** Opening Dataset content block **
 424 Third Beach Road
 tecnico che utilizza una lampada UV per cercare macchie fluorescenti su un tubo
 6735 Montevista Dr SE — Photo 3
** Closing Dataset content block **
** Opening Dataset content block **
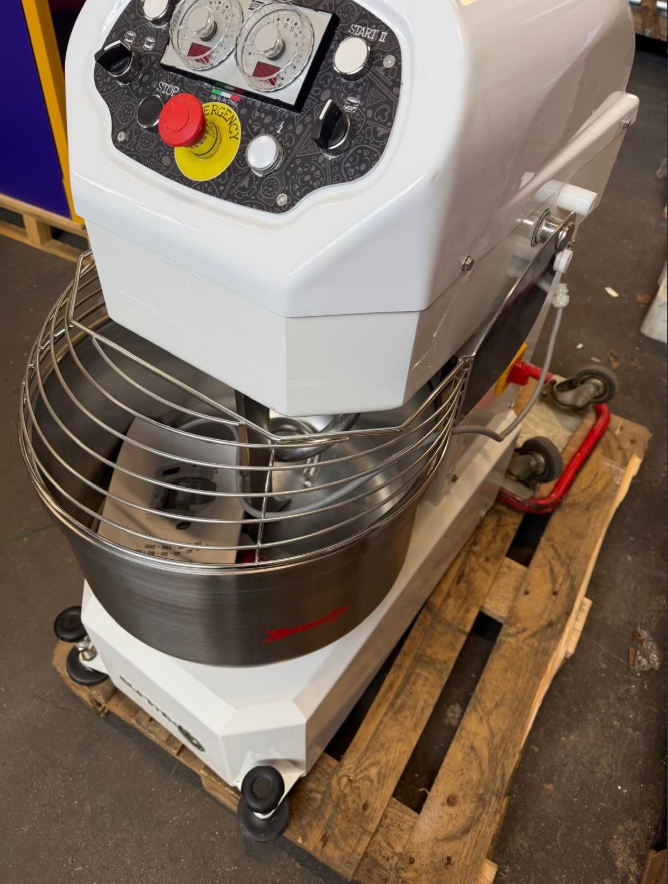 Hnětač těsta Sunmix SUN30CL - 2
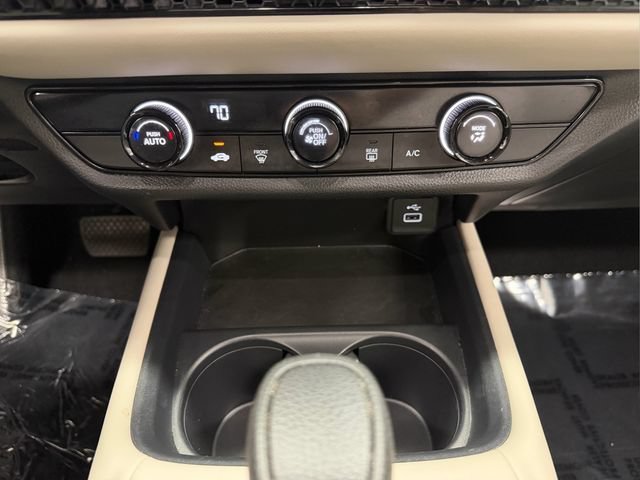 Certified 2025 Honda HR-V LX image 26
** Closing Dataset content block **
Task details → Taking the records above, retype every line from the one with "424 Third Beach Road" down to the one with "6735 Montevista Dr SE — Photo 3", exactly and with nothing else.

The completed task →
 424 Third Beach Road
 tecnico che utilizza una lampada UV per cercare macchie fluorescenti su un tubo
 6735 Montevista Dr SE — Photo 3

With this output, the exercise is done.